Saturday, 17 March 2012

About the Title...

So you might be asking yourself about the title of this blog. I would. What's the connection you may ask?
Here's the deal:

Well, I am a black woman. Black queer poet to be precise and I have loved animals since I met my best friend’s cat at around 5yrs old. I am the child of Jamaican immigrants and grew up in a staid mostly white suburb of Toronto. Growing up in an environment where those around me all had a mom, dad, at least 2 kids and a cat or dog I felt like an eyesore with my single dad, only child, petless status. I started asking for a pet around kindergarten and even now, some 25 years later I am still trying to convince my father to get a dog in his retirement. 

My mother, father and family on his side all were born and raised in Jamaica in various shades of rural countryside. My family, then and now, does not believe in pets. 

"Animals IN the house? Oh no no no, not while I'm alive" what I hear.
"But Dad didn't you say you had all sorts of pets when you were a kid?"
"Yes, we had dogs, cats, goats, chickens, you name it."
"So what? You think any of those things came through the door? Uh uh. They didn't even have names, just Dog, Cat." (This turned out to be not entirely true as I learned that the dogs had in fact been named)

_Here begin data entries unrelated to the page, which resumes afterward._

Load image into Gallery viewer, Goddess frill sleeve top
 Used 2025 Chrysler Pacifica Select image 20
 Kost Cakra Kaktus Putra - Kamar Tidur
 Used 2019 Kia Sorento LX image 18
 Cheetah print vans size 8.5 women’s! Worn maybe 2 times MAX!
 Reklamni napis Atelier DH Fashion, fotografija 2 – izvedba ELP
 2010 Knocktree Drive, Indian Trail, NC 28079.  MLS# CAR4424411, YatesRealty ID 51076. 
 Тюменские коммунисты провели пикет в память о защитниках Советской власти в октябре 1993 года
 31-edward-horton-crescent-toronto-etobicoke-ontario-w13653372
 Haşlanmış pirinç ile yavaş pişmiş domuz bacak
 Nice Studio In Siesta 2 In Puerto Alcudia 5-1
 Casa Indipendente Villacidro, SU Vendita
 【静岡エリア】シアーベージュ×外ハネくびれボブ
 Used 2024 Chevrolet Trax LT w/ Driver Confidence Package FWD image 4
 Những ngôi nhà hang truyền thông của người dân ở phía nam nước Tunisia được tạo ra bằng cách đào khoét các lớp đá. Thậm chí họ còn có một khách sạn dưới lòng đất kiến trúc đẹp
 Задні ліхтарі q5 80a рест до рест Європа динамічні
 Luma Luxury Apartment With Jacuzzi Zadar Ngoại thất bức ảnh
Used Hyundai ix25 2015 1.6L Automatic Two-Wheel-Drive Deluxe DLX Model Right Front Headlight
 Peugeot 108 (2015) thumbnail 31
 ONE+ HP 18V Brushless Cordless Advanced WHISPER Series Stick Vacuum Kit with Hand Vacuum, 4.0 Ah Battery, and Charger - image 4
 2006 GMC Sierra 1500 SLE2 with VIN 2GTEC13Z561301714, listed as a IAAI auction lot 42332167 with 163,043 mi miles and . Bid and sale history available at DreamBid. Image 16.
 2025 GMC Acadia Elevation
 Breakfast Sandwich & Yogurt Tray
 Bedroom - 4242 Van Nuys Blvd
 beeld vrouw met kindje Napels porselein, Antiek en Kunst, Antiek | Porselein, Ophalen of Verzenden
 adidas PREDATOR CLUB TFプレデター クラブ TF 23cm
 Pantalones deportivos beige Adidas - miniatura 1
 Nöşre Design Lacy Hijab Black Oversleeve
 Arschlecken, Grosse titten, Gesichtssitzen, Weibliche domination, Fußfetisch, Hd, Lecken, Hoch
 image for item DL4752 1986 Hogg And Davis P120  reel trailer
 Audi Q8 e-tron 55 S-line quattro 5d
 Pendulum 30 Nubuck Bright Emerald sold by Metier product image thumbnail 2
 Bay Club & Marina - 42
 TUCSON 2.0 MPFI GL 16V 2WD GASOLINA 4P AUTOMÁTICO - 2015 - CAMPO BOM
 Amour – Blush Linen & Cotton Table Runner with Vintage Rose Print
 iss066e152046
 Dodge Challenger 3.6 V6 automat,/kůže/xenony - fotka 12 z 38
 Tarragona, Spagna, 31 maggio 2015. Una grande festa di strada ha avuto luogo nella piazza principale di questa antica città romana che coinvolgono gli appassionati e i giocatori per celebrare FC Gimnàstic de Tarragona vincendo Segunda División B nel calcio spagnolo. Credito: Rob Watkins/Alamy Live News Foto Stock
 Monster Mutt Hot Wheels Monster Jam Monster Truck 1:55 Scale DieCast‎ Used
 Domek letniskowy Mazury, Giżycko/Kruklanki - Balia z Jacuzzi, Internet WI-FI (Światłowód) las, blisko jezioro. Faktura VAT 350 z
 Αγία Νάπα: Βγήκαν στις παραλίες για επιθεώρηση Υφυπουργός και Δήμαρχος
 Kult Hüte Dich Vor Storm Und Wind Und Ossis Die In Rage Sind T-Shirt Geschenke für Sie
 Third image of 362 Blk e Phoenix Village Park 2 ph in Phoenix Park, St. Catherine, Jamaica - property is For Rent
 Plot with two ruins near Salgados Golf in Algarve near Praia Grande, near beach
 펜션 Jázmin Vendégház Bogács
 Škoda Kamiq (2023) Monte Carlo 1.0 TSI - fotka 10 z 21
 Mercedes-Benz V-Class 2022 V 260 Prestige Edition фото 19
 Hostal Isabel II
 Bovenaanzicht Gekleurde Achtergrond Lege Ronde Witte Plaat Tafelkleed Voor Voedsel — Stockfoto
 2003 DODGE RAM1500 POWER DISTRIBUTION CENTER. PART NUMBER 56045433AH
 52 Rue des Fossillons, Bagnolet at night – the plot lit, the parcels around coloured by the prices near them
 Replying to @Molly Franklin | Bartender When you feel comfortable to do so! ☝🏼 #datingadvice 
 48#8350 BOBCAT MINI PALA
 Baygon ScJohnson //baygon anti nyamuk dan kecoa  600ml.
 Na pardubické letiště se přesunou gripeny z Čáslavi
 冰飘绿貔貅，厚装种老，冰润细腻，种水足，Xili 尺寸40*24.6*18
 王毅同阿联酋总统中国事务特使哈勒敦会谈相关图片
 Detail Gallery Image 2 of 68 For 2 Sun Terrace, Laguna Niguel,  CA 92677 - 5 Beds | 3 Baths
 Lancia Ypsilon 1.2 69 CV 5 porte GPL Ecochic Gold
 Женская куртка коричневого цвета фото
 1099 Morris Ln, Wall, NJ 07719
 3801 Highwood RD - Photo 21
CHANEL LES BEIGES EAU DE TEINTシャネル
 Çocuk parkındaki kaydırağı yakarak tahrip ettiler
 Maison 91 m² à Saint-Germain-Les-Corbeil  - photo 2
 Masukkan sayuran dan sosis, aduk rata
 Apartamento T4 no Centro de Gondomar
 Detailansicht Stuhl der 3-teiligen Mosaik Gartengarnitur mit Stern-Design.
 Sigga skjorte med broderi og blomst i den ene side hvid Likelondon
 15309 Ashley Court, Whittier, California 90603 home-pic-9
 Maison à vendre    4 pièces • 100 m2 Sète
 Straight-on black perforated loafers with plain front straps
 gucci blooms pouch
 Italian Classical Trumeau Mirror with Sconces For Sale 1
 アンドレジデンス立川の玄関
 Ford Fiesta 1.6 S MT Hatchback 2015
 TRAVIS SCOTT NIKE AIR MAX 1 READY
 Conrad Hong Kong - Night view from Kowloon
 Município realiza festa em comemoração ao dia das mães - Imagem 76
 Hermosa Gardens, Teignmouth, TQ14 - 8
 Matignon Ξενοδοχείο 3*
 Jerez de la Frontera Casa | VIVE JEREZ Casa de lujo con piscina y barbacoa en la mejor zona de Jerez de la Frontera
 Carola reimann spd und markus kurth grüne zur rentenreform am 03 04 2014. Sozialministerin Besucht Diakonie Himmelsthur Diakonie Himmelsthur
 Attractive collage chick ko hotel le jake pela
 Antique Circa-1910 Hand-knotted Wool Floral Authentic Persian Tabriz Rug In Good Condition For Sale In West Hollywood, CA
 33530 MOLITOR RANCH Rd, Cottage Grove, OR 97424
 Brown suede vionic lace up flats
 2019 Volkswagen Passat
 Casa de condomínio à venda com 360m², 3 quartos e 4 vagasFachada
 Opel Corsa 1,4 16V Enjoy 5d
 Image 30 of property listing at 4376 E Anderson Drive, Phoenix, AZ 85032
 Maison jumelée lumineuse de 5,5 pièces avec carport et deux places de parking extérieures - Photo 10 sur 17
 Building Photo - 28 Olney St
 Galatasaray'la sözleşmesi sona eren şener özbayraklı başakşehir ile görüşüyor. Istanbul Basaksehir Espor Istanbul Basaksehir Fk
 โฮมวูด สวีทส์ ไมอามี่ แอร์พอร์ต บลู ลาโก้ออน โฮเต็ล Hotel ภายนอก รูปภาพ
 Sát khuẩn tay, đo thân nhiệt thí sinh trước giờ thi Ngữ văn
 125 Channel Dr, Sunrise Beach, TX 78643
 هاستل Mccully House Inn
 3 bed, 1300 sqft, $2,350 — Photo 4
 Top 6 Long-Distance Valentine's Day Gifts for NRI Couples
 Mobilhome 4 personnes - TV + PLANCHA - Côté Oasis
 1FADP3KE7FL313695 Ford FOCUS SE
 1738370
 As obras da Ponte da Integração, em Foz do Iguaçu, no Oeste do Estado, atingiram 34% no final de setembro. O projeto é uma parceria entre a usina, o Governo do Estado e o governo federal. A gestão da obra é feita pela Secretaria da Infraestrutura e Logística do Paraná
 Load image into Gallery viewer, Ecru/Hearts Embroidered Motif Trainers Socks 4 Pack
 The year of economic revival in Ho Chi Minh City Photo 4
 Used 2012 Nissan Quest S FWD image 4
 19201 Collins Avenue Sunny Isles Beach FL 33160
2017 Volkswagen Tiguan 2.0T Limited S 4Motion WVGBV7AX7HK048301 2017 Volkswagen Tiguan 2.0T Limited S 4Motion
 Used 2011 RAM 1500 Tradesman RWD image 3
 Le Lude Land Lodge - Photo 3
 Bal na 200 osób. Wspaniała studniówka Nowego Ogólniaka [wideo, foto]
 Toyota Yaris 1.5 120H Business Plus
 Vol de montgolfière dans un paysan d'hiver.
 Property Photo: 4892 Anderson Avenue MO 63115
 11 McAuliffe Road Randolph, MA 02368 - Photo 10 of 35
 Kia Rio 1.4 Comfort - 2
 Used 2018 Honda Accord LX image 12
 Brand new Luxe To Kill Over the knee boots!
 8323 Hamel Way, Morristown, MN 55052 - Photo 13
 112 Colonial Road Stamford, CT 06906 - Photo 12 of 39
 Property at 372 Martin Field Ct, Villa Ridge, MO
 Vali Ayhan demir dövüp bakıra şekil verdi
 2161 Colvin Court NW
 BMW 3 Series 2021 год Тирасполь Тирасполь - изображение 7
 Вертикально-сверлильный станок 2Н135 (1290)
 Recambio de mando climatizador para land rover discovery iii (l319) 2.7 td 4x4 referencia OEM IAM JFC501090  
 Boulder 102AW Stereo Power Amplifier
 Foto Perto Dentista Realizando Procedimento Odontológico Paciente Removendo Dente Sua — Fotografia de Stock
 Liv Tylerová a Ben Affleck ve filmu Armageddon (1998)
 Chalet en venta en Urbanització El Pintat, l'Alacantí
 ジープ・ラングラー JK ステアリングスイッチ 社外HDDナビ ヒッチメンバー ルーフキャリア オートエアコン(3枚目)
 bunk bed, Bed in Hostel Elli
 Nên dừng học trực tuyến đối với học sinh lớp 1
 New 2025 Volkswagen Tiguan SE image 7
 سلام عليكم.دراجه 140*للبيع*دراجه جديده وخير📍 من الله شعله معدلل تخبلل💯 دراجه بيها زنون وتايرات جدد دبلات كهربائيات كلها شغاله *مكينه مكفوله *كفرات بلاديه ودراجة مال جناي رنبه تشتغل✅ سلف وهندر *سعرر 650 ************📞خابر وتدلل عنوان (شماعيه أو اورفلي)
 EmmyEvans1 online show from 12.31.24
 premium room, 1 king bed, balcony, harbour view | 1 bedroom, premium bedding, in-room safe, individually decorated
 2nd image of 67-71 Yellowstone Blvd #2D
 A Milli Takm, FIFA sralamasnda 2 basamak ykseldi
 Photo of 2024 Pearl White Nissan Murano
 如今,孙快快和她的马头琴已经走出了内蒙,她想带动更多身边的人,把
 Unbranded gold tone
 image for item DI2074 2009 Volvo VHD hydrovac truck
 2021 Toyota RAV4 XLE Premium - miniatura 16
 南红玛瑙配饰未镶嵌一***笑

Once members of my family began immigrating to Canada, their desires for a "better life" for themselves and their children began in earnest. Pets were a distraction from success. The adults had to work on their careers, houses, gardens etc and the children were expected to work hard so that we would get good grades and go to university and become, well, successful; particularly in a practical profession, i.e. not a writer/artist. 
Essentially, an animal in the house was something white people with leisure did. Not us.

So throughout my childhood every request for a cat (my animal of choice at the time) was met with a firm negative. In the end I left home having owned and loved 2 goldfish, Amanda, and Henry. 

When I was about 19 I got a cat, Pika. She had been a gift to my retired and home alone aunt out of the kindness of her daughter's heart. But those back home opinions hadn't changed. So one evening I get a phone call:

"Hey, want to hear something?"
"Ohhh K"
"Want her?"

I did.

Pika and I have been together ever since and are a dynamic duo. I love her immensely and my life became fuller when I was finally able to, on my own, love a little furry beast. Over the years I came to welcome another cat, Sydney into my family and my life filled up all over again.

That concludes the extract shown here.